Bloco de uma nota só.

Tentamos achar uma notícia, tentamos mesmo. Mas só tinha Carnaval. O Brasil monotemático é o desfavor da semana.

SALLY

O Desfavor da Semana é não ter uma notícia para usar como Desfavor da Semana. Não, o Brasil não virou um país decente onde não ocorrem mais desfavores semanalmente, o Brasil se tornou um país monotemático onde não se fala em mais nada que não seja carnaval.

O carnaval brasileiro, pelo conjunto da obra, é um tremendo desfavor, mas confesso que não queria falar dele. Foge à proposta da RID falar sobre algo óbvio, que está escancarado. Gostamos de trazer novidades, novos enfoques, novas discussões. Mas esta bosta de carnaval monopolizou a semana toda. E o pior: sem trazer uma única novidade relevante. Sempre mais do mesmo.

Carnaval em Salvador teve muita porrada, muitos crimes e, o clássico, estupro de turista. Francamente, uma mulher que vai a Salvador no carnaval deveria saber que estupro é meio que inerente ao programa. Um lugar imundo, subdesenvolvido e cheio de homens machistas que se comportam como animais (ainda por cima bêbados) não pode culminar em coisa boa. Preconceito? Não. Pós-conceito, infelizmente morei por lá muito tempo. Fica aqui meu aviso: carnaval em Salvador é risco concreto de estupro, não importa onde, não importa como, não importa o cuidado que se tome. É a Índia brasileira.

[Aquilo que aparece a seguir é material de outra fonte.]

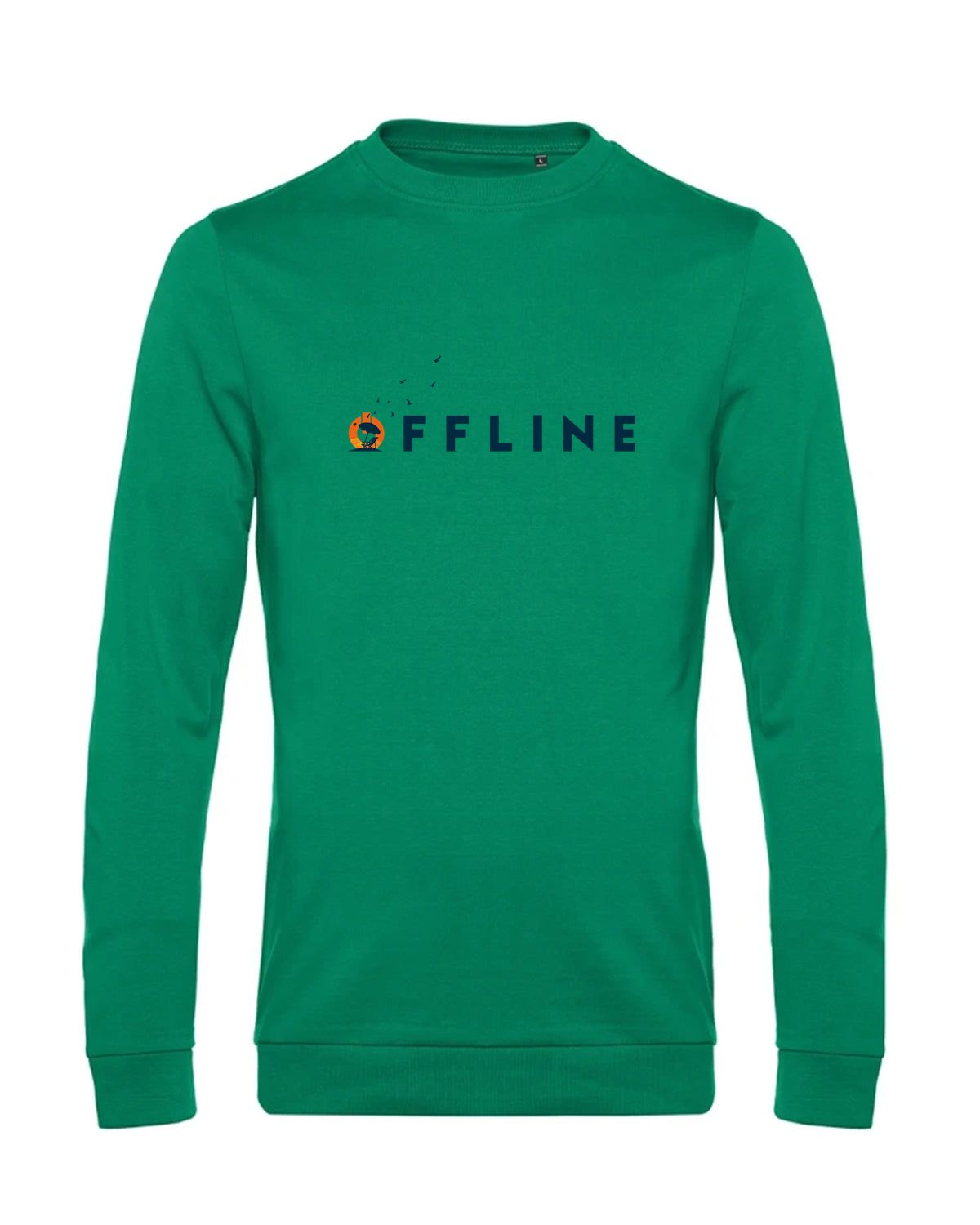 bundle-src:https://cdn.shopify.com/s/files/1/0946/1078/4639/files/WU01W_P_BC_520_01.jpg?v=1772633790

Carnaval no Rio mesma merda, só que com pessoas um pouco menos feias. Um pouco, só um pouco, porque o mito do carioca bonito é obra de Manoel Carlos. Escola de Samba patrocinada por ditador sanguinário prestando-lhe reverência sendo aclamada pelo público, zilhões de subcelebridades tentando projeção na base da bucetada, muito álcool e drogas. Coroação da criminalidade: assistir a desfile de escola de samba é como ir a uma festa na casa de bandido. E ainda ter que ouvir Neguinho da Beija-Flor dizendo que nós deveríamos AGRADECER à criminalidade por proporcionar uma festa tão bonita. “Agradeçam à contravenção”. A pessoa não se ajuda, não é mesmo? Mais um para minha torcida da volta do câncer.

Carnaval em São Paulo se resume a uma palavra: vergonha. Não sabem fazer carnaval e em vez de se orgulharem disso, baterem no peito e dizerem “aqui somos dignos”, tentam fazer essa porcaria mal parida. Voltem para os escritórios, que vocês tem cérebro e educação. Mas não, falta de água cancela atendimento hospitalar, cancela aulas em escolas, só não cancela esse carnaval coxinha humilhante. Paulista sambando é uma das coisas mais deprimentes que eu já vi.

Carnaval no Nordeste (porque para mim Nordeste é tudo uma coisa só, exceto Salvador, que é bem pior) foi aquela coisa de sempre: muita gente feia e suada na rua e uns poucos abastados e bem cuidados celebrando com luxo e conforto. Gente que ganha merda, gente endividada, gente sem emprego, pulando aos bandos feio símios no cio. Uma semana onde alegria é decreto. Tem gente que acha isso bom, eu acho um tremendo desfavor.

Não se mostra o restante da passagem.